Australian cricketer (1910–1991)

Thomas William Leather (2 June 1910 – 10 May 1991) was an Australian first-class cricketer who represented Victoria. He also played Australian rules football with North Melbourne in the Victorian Football League (VFL).

==Family==
Thomas William Leather was born at Rutherglen, Scotland on 2 June 1910.

He married Edith Dorothy Ponsford (1904–1984), the sister of Bill Ponsford in 1939. They had two children; a daughter and a son. Their son, John Ponsford Leather, died suddenly in 1950, at the age of seven.

==Education==
He attended Caulfield Grammar School in 1925 and 1926.

==Football==
===North Melbourne (VFL)===
Leather played 16 games and kicked 11 goals for North Melbourne in a brief career during the 1932 and 1933 VFL seasons.

===Williamstown (VFA)===
Granted a permit by the VFA to transfer from St Kilda to Williamstown on 12 April 1939, he played in 8 games for the Williamstown Football Club, in the VFA, in 1939.

==Cricket==
He appeared in four first-class cricket matches for Victoria in 1934 and 1935, taking 14 wickets at 26.07. On the back of these performances, he was picked to tour Ceylon and India with the Australian cricket team in 1935–36. Australia's Test team was touring South Africa at the time so this was a second string side. As a result, the matches against India, which Leather took part in, were given first-class status but were not Test matches.

After going wicket-less in their match against Ceylon, Leather went to India and played in all four 'Tests'. He took 21 wickets in those matches, taking five wicket hauls in Calcutta and Lahore to finish the Indian tour with an impressive 47 first-class wickets at 17.25. This made him Australia's most successful bowler for the tour after Frederick Mair and Ron Oxenham.

Although Leather was only 25 when he returned to Australia, he played just one more first-class match in his career.

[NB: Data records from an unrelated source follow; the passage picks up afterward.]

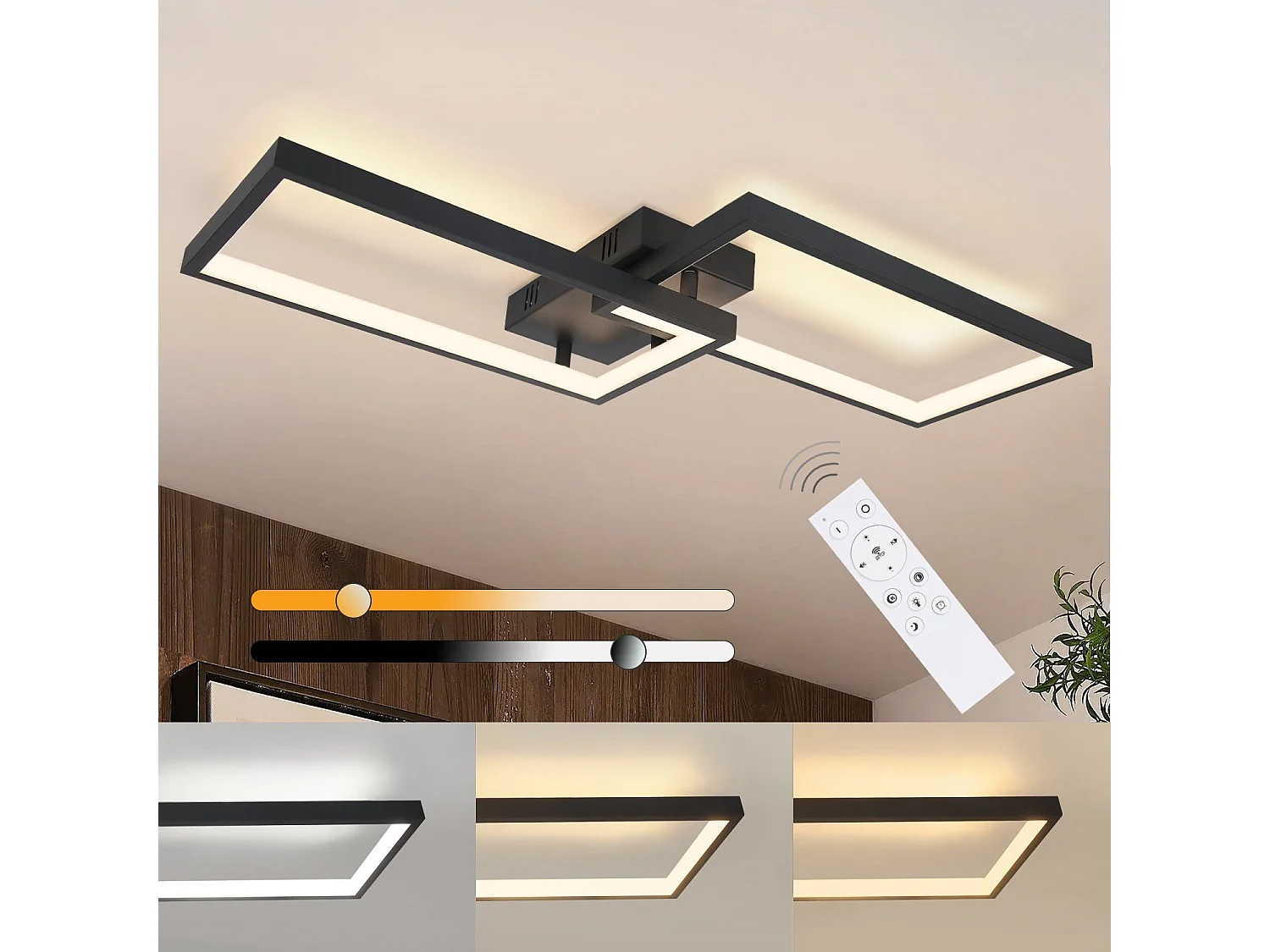 Dimmbare LED-Deckenleuchte mit Fernbedienung, 40 W, Metall, modernes Design, Schlafzimmerlampe
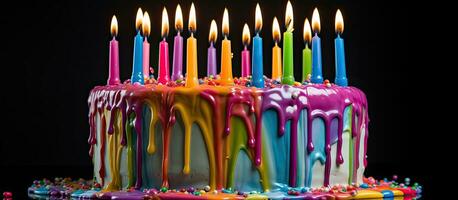 Rainbow birthday cake adorned with candles in various colors and decorative icing dripping down photo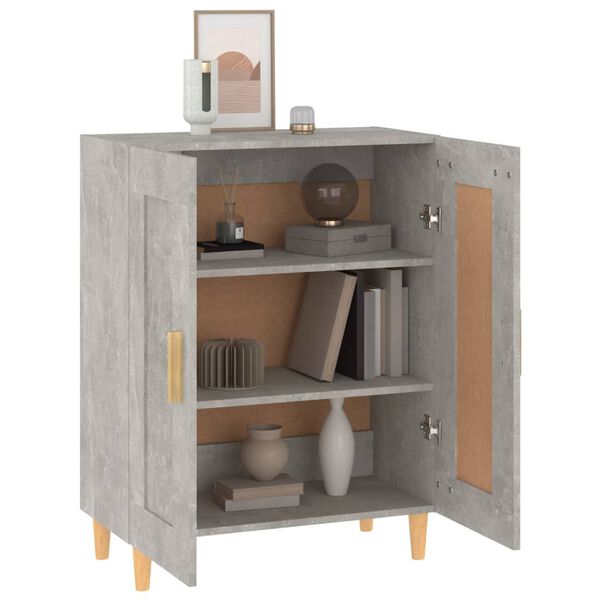 vidaXL Credenza Grigio Cemento 69,5x34x90 cm in Legno Multistrato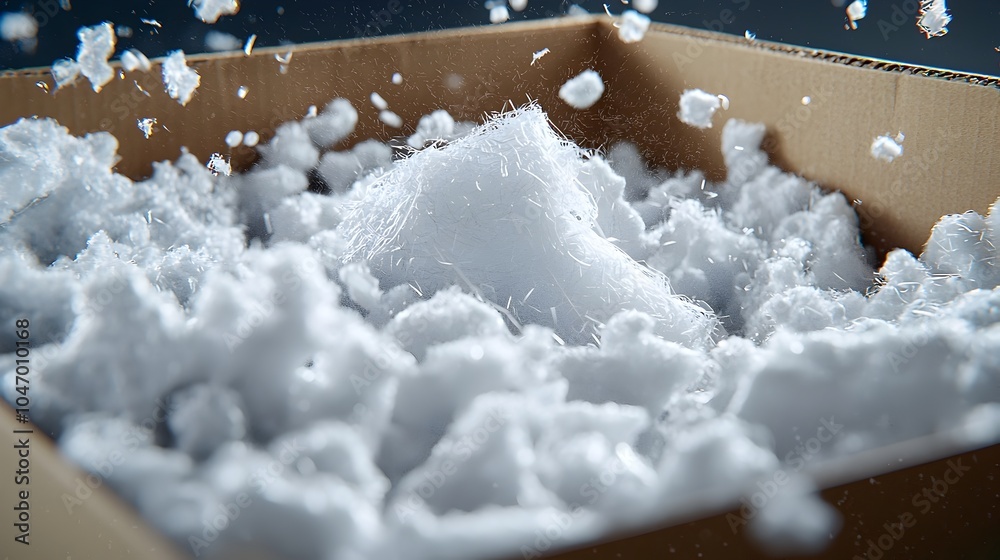 Poster Close up view of a delicate object safely encased within a parcel box surrounded by protective foam padding to ensure secure delivery during transportation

This was for the Don Bradman's XI in the Bardsley-Gregory Testimonial Match against the Victor Richardson's XI at the Sydney Cricket Ground.

==Military service==
He enlisted in the Second AIF on 4 June 1940, and was discharged on the grounds of "being medically unfit for service not occasioned by his own defaults" on 6 August 1940.